The problem: Here are the records. Write out exactly the lines between the one holding "Finish, Etched Glass" and the one holding "Image of Tilocow", inclusive.

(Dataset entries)
*** Begin section ***
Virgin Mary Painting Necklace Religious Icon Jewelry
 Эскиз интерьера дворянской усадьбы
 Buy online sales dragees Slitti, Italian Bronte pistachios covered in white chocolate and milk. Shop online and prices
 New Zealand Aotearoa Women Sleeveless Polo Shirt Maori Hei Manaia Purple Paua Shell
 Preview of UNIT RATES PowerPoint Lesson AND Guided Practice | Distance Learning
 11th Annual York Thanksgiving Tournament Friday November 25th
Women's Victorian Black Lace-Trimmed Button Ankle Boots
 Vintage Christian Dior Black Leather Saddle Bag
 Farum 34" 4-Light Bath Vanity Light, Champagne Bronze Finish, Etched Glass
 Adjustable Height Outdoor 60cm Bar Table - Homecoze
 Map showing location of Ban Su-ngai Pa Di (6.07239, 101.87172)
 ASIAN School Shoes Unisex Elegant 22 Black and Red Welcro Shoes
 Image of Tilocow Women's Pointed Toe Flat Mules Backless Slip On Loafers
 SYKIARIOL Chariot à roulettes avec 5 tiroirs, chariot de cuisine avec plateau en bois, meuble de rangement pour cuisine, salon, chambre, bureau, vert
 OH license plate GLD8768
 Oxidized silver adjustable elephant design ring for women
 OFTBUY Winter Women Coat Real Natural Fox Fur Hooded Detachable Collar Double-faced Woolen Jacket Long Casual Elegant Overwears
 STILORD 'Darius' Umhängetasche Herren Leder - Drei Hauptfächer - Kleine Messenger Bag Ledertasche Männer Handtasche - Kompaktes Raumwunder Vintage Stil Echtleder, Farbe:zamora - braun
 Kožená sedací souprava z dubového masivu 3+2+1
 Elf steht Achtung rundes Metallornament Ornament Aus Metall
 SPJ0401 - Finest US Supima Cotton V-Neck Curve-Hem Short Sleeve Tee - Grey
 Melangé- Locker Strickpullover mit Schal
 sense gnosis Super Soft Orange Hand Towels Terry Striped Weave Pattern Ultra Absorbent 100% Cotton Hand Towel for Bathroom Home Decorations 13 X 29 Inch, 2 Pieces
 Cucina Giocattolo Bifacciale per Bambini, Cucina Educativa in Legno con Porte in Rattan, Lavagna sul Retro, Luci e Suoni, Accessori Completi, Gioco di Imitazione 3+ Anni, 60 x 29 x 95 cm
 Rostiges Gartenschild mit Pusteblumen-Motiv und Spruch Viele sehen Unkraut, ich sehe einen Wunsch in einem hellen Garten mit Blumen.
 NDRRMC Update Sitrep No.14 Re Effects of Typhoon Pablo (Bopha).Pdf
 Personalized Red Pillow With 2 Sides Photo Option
*** End section ***
Response area:
 Farum 34" 4-Light Bath Vanity Light, Champagne Bronze Finish, Etched Glass
 Adjustable Height Outdoor 60cm Bar Table - Homecoze
 Map showing location of Ban Su-ngai Pa Di (6.07239, 101.87172)
 ASIAN School Shoes Unisex Elegant 22 Black and Red Welcro Shoes
 Image of Tilocow Women's Pointed Toe Flat Mules Backless Slip On Loafers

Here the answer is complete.